After seeing all the seagulls, pelicans, cormorants, pigeons and doves we left feeling rather bird brained and left for the small oasis town of Huacachina. A place famous for dunes, sand and tourists. It’s a small must do town but not enough to stay for more than a day. The most crazy and adventurous thing to do is to jump on a V8 turbocharged dune buggy and ramp about. It honestly felt like we were in the Dakar rally judging by the amount of times my head almost fell off. Being in a buggy with all sorts of nationalities you’re bound to at least get one American with their trademark ‘oh my gawd’ saying. And our one didn’t disappoint. A perfect metaphor for the adventure that ensued. Being all sanded out we moved rather quickly on to Arequipa with a quick stop over at the Nazca lines.
From the perspective of a bus you would think that the lines were mere irrigation troughs for the local crops and animals. However it’s the middle of nowhere so quite difficult to comprehend why there would be any farmers here. Especially in the middle of a desert. However, if you take a flight you can see all sorts of symbols etched into the earth. Symbols that have scared the earth for well over 1000 years. Once again no one knows why they exist but one astute German archaeologists spent nearly a decade researching and uncovering who put the lines there and why they existed. Her story goes as follows: the tribe that existed in the region (a pre Incan one) believed their ancestors and gods were part the stars above and the only way to communicate with them is by drawing lines in the dirt and subsequently filling them with water. Or there’s the other theory that they were literally irrigation lines. We prefer to believe the latter.

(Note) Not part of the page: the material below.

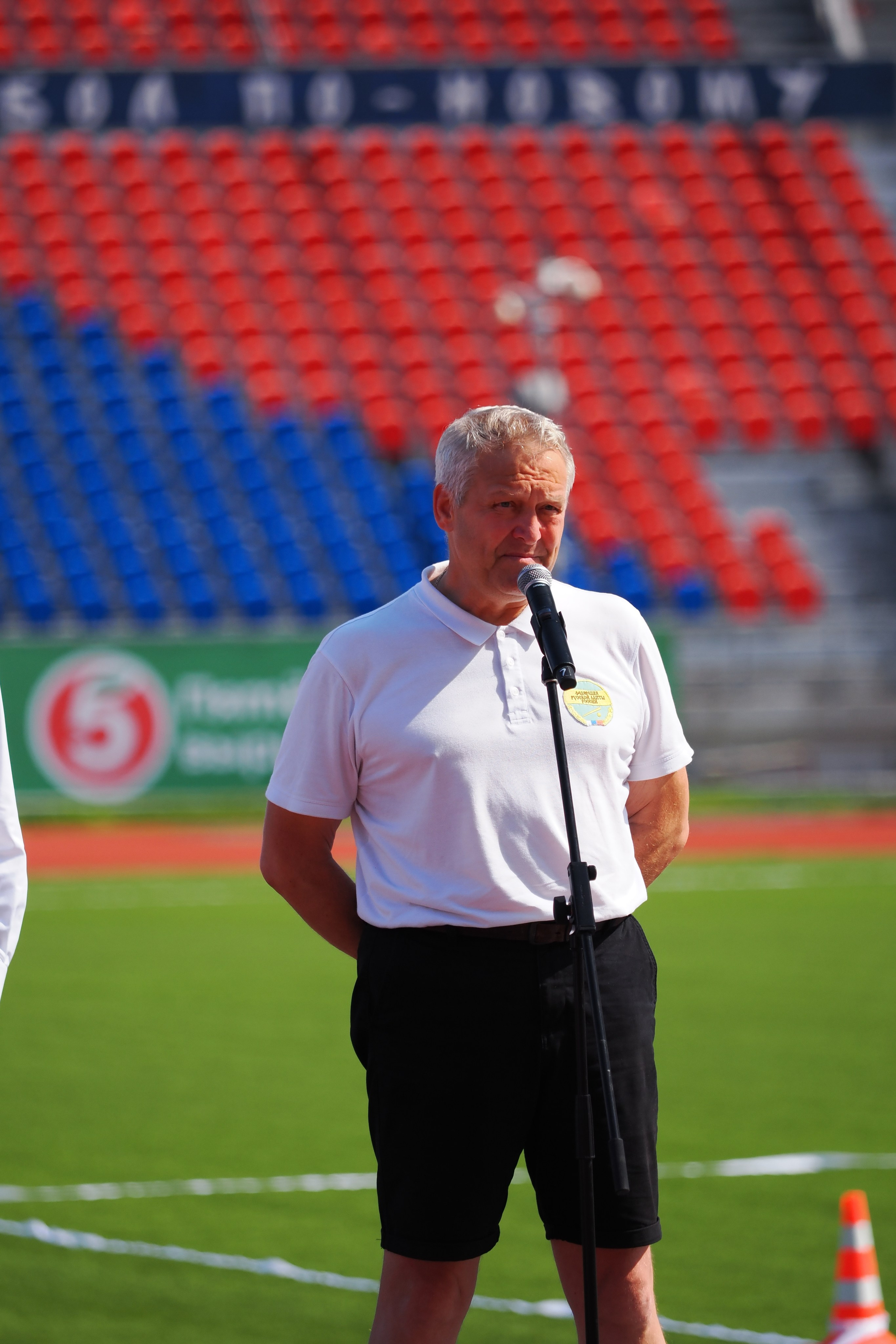 Всероссийские соревнования по русской лапте. Репортажный фотограф Алексей Козьмин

After clambering up a rickety old watch tour to have a look (the Peruvian government had cut the lizard in half to build the pan American highway – claiming that they “hadn’t seen” the lines when they were building it…) we left for the town of Arequipa. A beautiful place drenched in colonial history. It’s one of the best regions in Peru for those who are in the hunt for good food. Its traditional gastronomy is based on the concepts of abundance, local ingredients, and flavor. The streets are full of antique shops, bookstores, and boutiques that sell anything alpaca. With all of these options in Arequipa, it’s a challenge to find yourself without anything to do.The plaza de armas is surrounded by a flurry of old churches and markets that can keep anyone entertained for hours. When we arrived the city was in the midst of a protest. The miners and local villagers weren’t to happy about the government selling off native land to American Oil companies and so the streets turned to placard wielding car hooting anti government citizens all to keen to keep their lands to themselves. Nonetheless it didn’t detract from the wonderful surroundings. We checked ourselves at a quaint little hostel called Econunay. The breakfast was average but there was a real sense of family spirit in the air. Locals and visitors alike gathered nightly to play board games, drink pisco sours and talk until the llamas came home. We spent our days exploring, listening intently to stories of old and learning to cook delecies of the city. It was wonderful and we were sad to leave.
But as everything in life, it had to eventually come to an end. Next, we headed for the centre of the Incan empire, Cusco.